● TASK DETAILS
When writing out the entries below, keep only the lines from the line with "Christmas Party Decorations, Christmas" to the line with "Baroque Weave Fancy Stone Black Denim Short", both included, exactly as they are, and leave the pictures aside.

● PROVIDED MATERIAL
*** Begin section ***

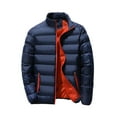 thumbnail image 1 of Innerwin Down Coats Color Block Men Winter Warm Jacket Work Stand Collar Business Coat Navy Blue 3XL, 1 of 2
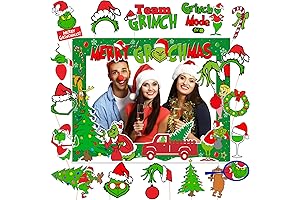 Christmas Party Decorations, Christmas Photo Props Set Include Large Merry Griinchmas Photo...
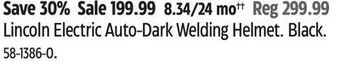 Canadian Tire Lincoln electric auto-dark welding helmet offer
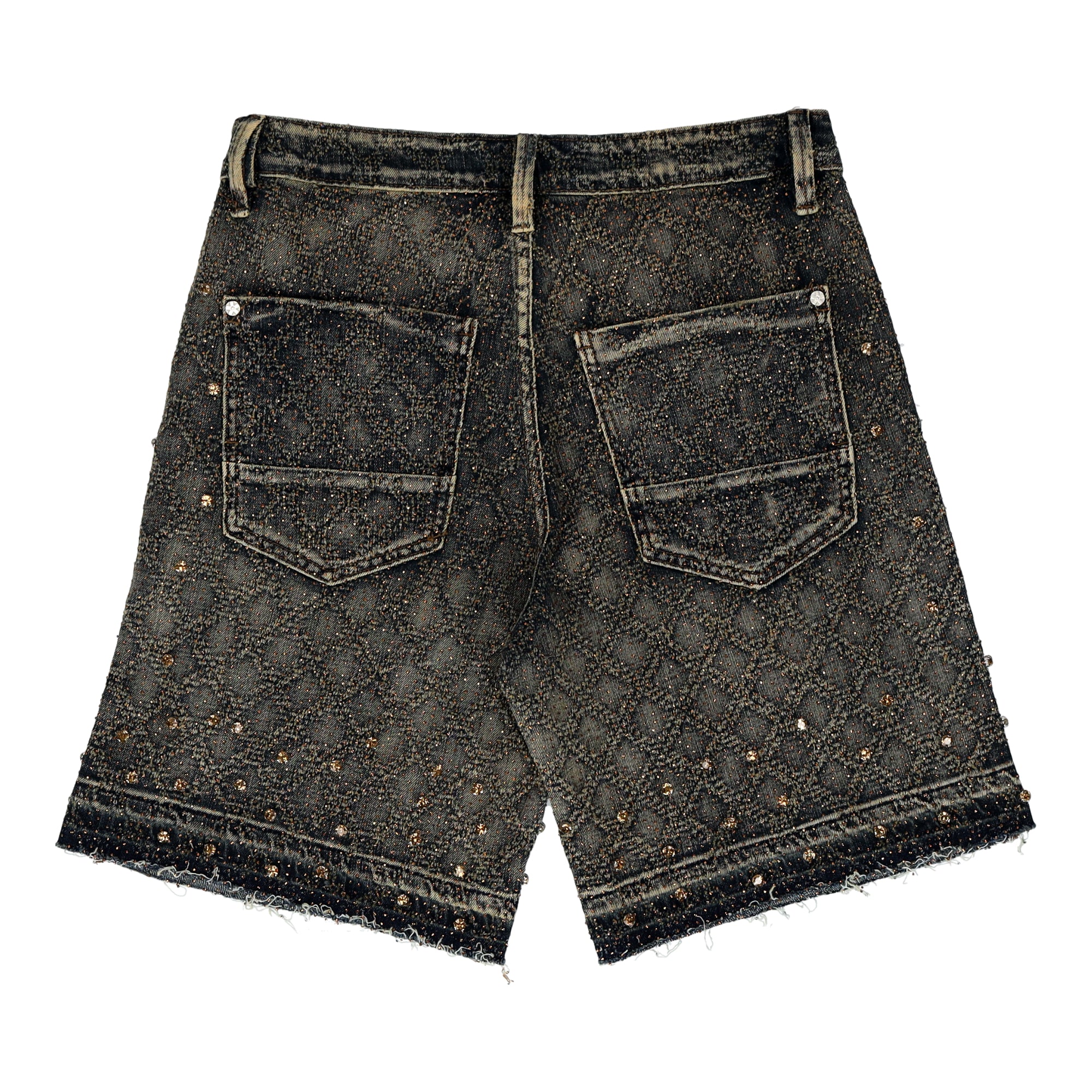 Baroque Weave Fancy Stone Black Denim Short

*** End section ***
*** Begin section ***

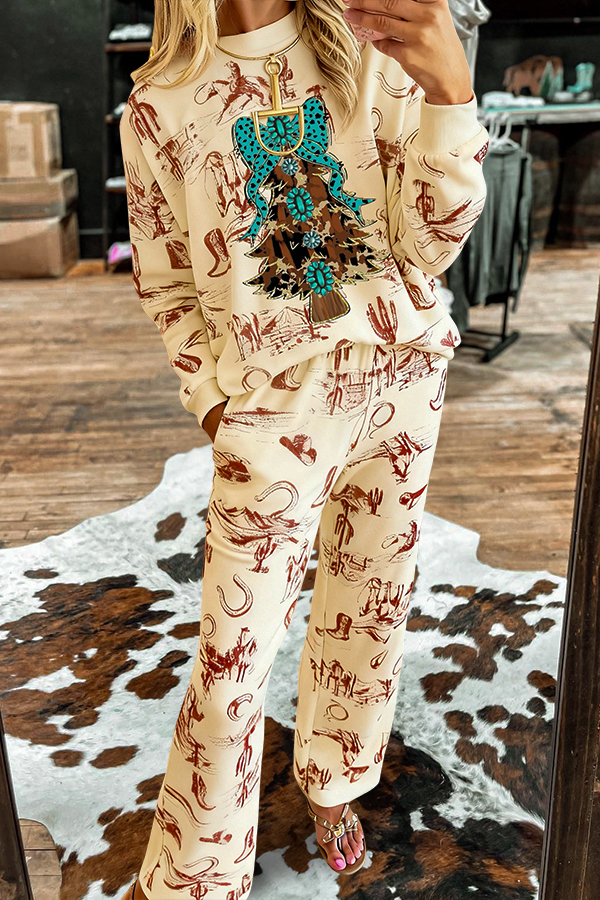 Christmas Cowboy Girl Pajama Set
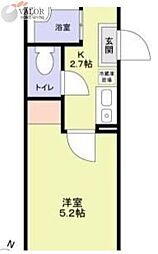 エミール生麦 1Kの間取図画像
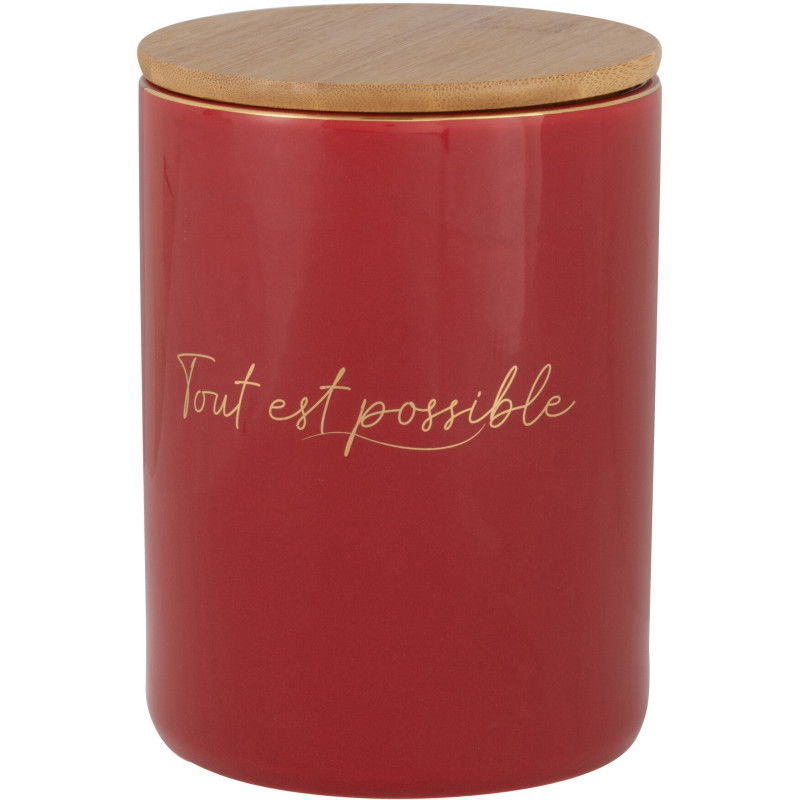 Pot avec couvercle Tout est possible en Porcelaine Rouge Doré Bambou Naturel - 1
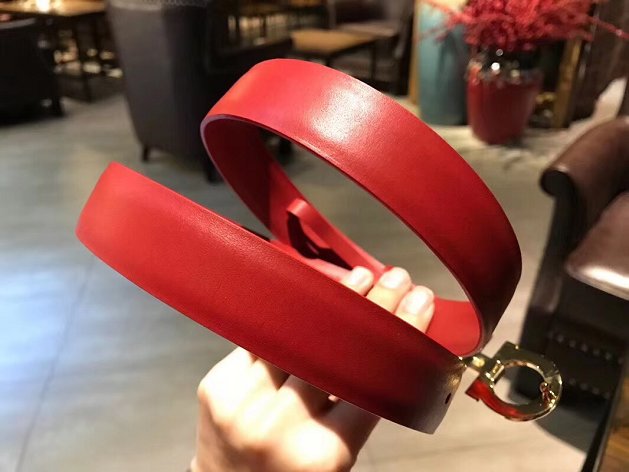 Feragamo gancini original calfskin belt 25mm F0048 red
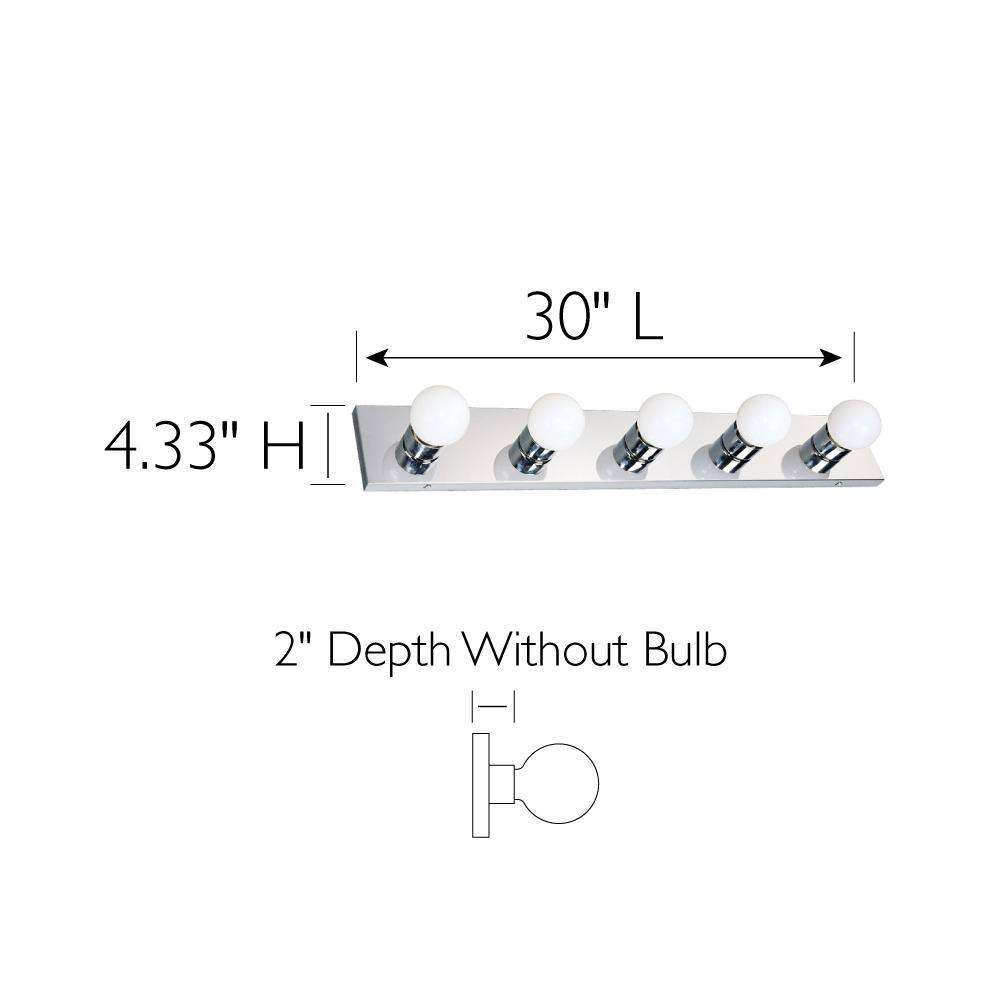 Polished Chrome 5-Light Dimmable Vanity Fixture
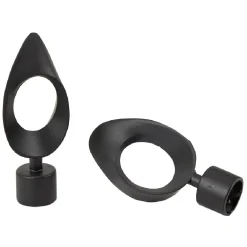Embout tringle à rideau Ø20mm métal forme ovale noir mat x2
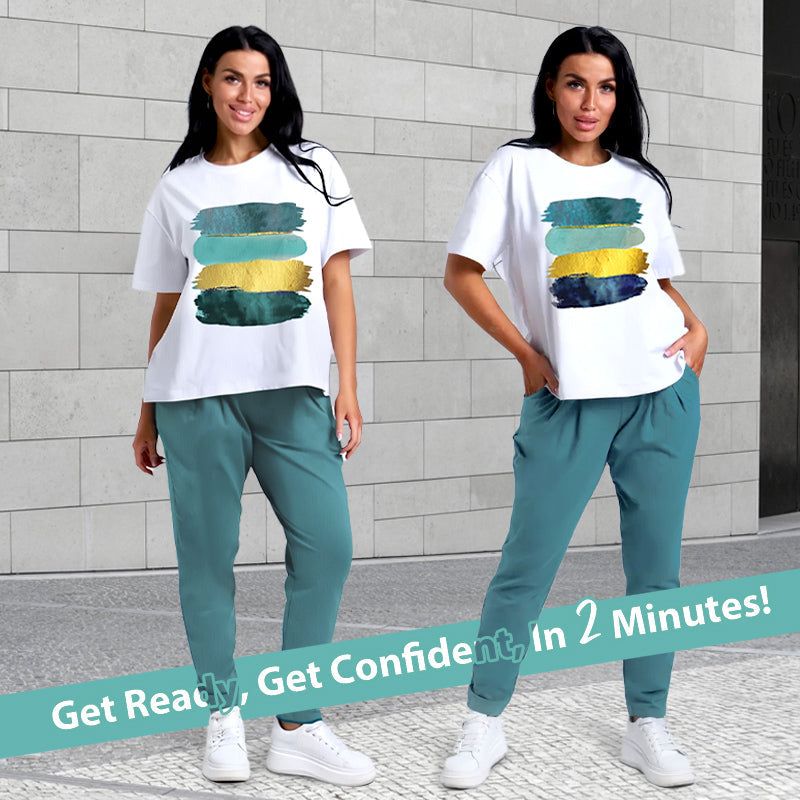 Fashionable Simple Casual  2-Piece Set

*** End section ***

● RESPONSE FOR THIS EXERCISE
 Christmas Party Decorations, Christmas Photo Props Set Include Large Merry Griinchmas Photo...
 Canadian Tire Lincoln electric auto-dark welding helmet offer
 Baroque Weave Fancy Stone Black Denim Short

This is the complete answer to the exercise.